### EXERCISE OBJECTIVE
Please copy each line in the records below that contains the string "Sleeve".

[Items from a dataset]
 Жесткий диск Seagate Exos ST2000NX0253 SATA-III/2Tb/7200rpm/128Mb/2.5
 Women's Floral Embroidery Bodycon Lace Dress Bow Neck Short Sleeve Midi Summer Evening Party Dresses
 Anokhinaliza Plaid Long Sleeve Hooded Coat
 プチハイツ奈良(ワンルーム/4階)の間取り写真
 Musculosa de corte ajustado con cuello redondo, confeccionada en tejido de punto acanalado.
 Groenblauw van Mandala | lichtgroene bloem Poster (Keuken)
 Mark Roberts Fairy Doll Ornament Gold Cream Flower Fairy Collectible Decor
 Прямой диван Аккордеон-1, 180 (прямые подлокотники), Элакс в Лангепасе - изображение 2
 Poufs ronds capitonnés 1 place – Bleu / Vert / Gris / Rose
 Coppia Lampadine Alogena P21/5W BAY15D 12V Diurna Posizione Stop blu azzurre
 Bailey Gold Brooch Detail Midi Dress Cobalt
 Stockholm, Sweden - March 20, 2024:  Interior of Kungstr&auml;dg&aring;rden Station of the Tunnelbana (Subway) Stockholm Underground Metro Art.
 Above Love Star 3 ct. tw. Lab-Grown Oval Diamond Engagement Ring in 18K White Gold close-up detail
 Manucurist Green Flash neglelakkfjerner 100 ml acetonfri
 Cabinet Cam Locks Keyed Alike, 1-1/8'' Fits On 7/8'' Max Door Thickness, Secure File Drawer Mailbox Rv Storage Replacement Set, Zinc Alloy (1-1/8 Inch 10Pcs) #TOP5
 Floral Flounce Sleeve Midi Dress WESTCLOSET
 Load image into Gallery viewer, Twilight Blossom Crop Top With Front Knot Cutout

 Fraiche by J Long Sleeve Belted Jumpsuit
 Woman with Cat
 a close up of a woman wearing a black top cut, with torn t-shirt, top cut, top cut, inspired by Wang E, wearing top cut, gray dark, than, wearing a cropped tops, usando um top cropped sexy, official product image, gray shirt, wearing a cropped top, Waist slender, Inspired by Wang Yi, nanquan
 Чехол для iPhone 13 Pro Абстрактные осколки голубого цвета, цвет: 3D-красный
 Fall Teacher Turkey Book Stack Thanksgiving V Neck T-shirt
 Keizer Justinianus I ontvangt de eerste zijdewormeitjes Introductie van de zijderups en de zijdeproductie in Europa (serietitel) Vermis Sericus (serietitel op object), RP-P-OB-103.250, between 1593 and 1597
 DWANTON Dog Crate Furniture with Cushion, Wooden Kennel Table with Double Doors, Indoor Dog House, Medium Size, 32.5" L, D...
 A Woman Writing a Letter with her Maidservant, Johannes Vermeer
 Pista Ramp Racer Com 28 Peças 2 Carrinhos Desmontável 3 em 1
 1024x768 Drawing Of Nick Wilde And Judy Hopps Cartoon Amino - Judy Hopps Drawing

### ANSWER FOR THIS EXERCISE
 Women's Floral Embroidery Bodycon Lace Dress Bow Neck Short Sleeve Midi Summer Evening Party Dresses
 Anokhinaliza Plaid Long Sleeve Hooded Coat
 Floral Flounce Sleeve Midi Dress WESTCLOSET
 Fraiche by J Long Sleeve Belted Jumpsuit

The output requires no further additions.